In late April and early May 2020 I proposed the use of high-dose steroids (and interleukin antagonists such as tocilizumab) for the treatment of severe Covid-19.  This was on the basis that such treatments were already established for the management of a cytokine storm; and that I had had personal experience of treating one such.  Any trial would merely confirm what was already known, and indeed was in use in some units in the United States – and the outcome of the RECOVERY trial was exactly what one would have expected.  It was completely unnecessary.  The delay occasioned by waiting for the result was of several months.  Dexamethasone (or an equivalent high-dose steroid) if deployed when I has suggested, would have saved many more lives (I estimated that over 20,000 might have been lost to the delay in the UK alone).

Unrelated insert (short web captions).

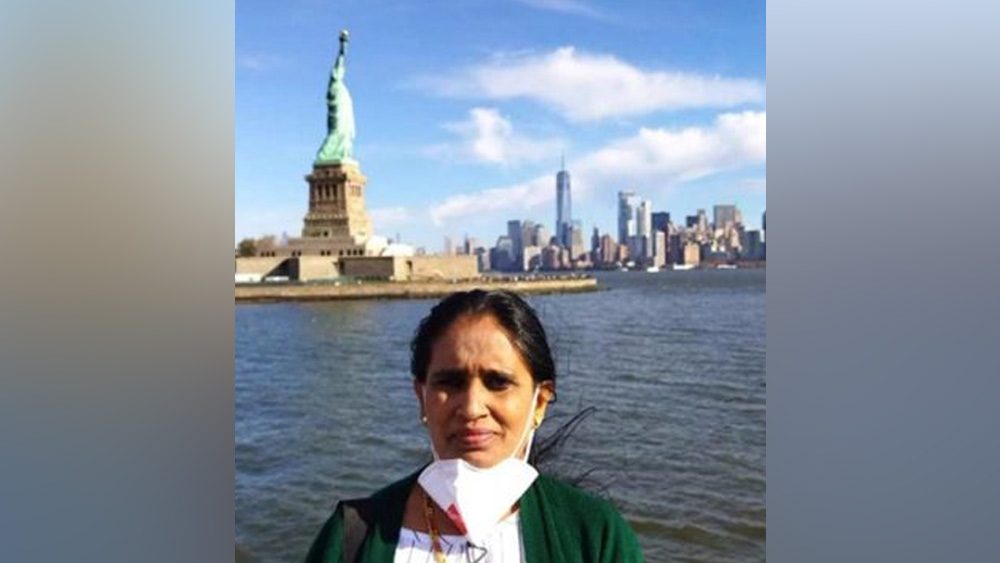 দেশ-বিদেশ ঘুরেছেন। কোন শহর সবচেয়ে ভাল লেগেছে? বৃদ্ধার জবাব, লন্ডন। ১৫ দিনের ব্রিটেন সফরে গিয়েছিলেন। লন্ডন বড় ভাল লেগেছে তাঁর। তা ছাড়া আমস্টারডাম, রোমের ভ্রমণ অভিজ্ঞতাও দুর্দান্ত। কিন্তু এক কথায় যদি কেউ জানতে চান বেড়ানোর সেরা মুহূর্ত কোনটি, মলির জবাব, ‘‘দাঁড়িয়ে দাঁড়িয়ে নায়গ্রা জলপ্রপাত দেখা।’’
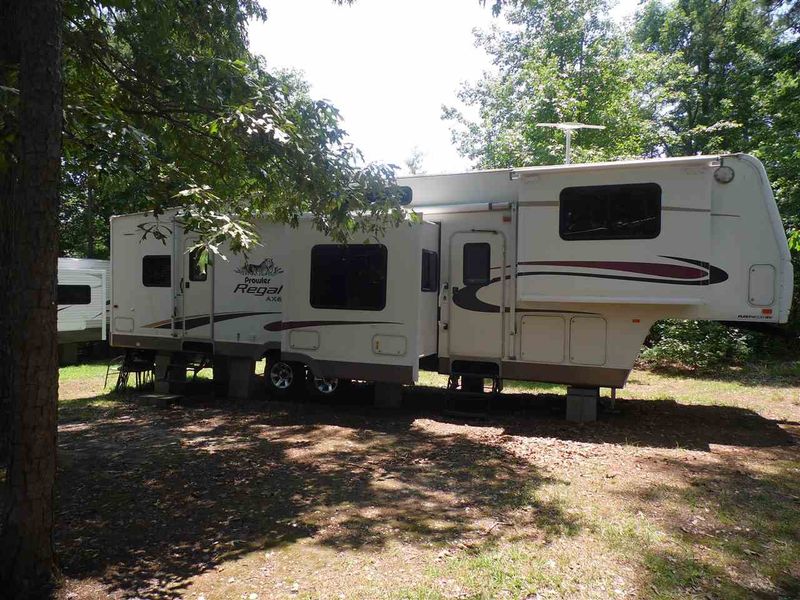 216 Eagle Dr, Louisburg, NC 27549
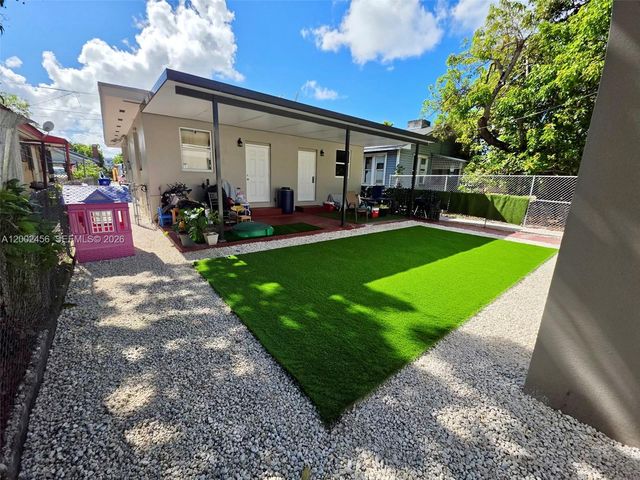 2637 NW 23rd Ct, Miami, FL 33142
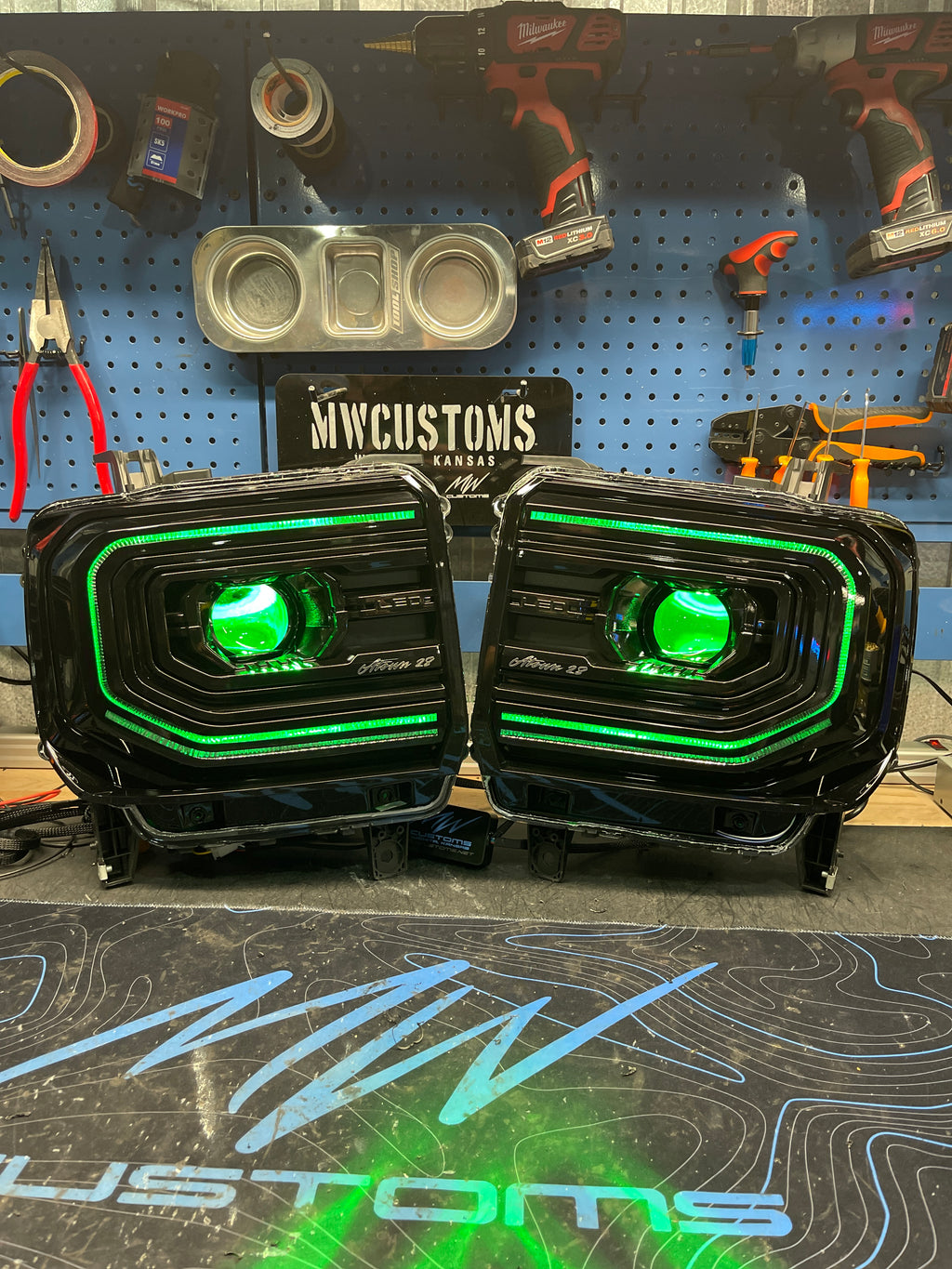 2014-18 GMC SIERRA C BAR STYLE HEADLIGHTS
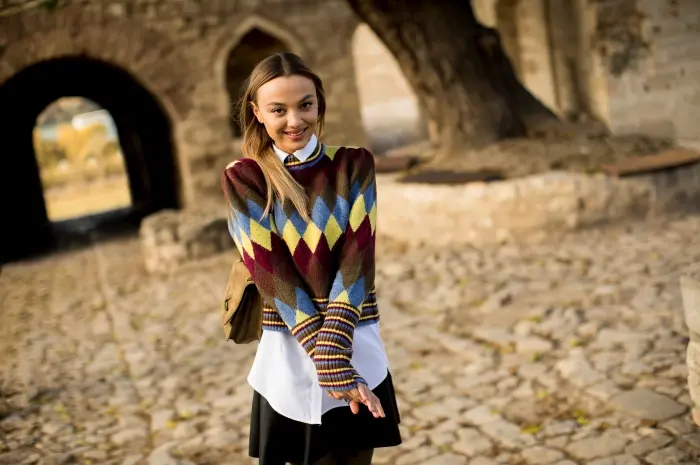 Simply Sophisticated Layering Atasan Ribbed-Knit dengan Longsleeve Lace Top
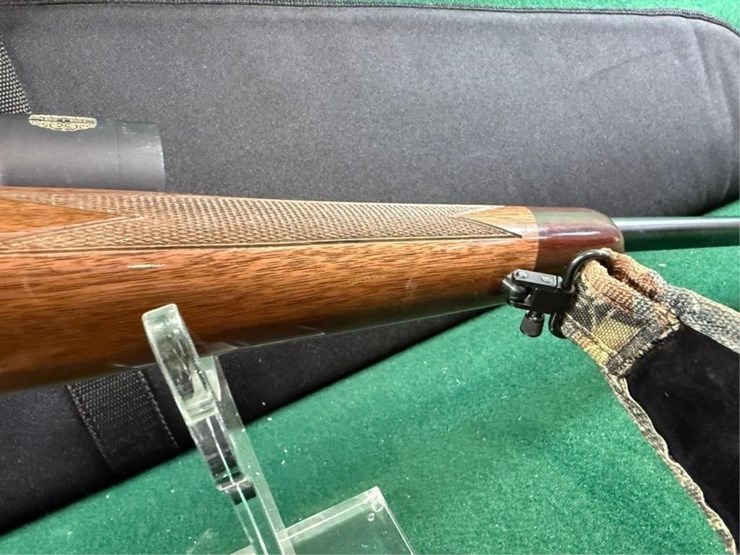 browning-medallion-a-bolt-30-06-sprg-rifle-image-15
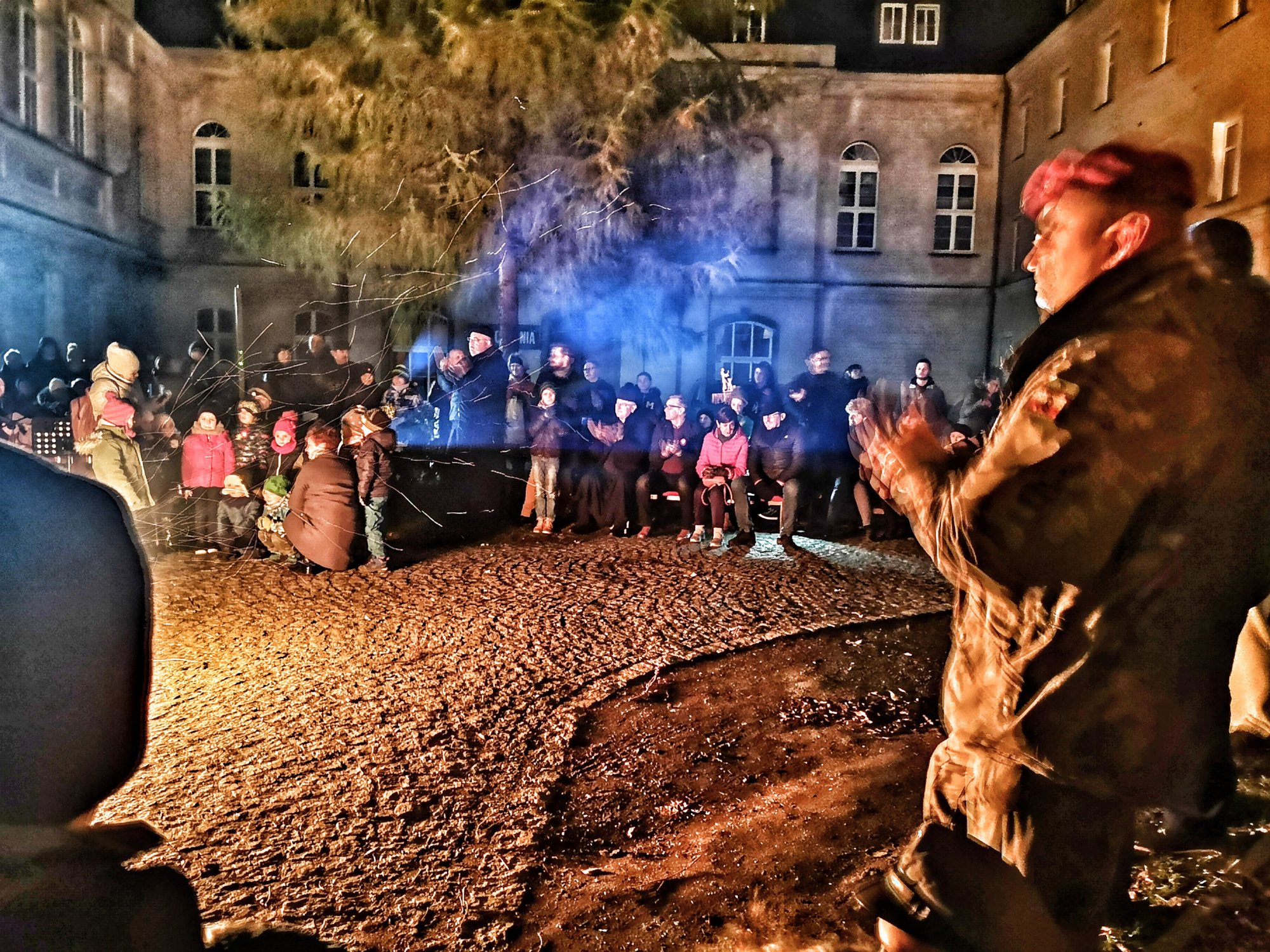 patriotycznie-przy-ognisku-84293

As I have said several times in previous blogs my attempts to get this point across to the decision-makers met with a black hole.

The section is unbelievably brief.  It fails even to mention tocilizumab, which supports my contention that no-one on the committees had heard of, let alone read, Cron and Behrens, in which tocilizumab is mentioned no less than 12 times.  I might add that Kawasaki disease, a children’s inflammatory condition well-known to rheumatologists and which resembles one of the types of Covid-19 seen in children, is treated with steroids and another interleukin antagonist, anakinra, which so far does not appear to have been trialled.  Given that tocilizumab is belatedly being used widely for Covid-19, and that anakinra is much cheaper, this seems to be a major omission, especially as its use for Covid-19 is causing problems for rheumatology patients whose supplies are being compromised. I repeat, yet again – we may or may not be able to stop SARS-CoV-2 infections, but what matters is whether we can diagnose them early, whether we can predict progression to Covid-19 and if they do (and importantly such patients are the ones that die) that they get prompt treatment.

So I think the report has missed a trick, or several.  There are many holes in it, and some of these are because, like the government, the Select Committees have failed to call evidence from the right people.  My own was lost.  I know of several rheumatologists whose experience of immune diseases is practical as well as theoretical, and have referenced them in previous blogs.  I have suggested to government, its advisors and the Health Select Committee, that if they don’t want to take well-meant (but soundly based) advice from a retired consultant with a good track record of research analysis that they could at least take it from highly intelligent and well-informed consultants still in clinical practice.  Well, they haven’t, and this report is the worse for it.  Roll on the independent inquiry!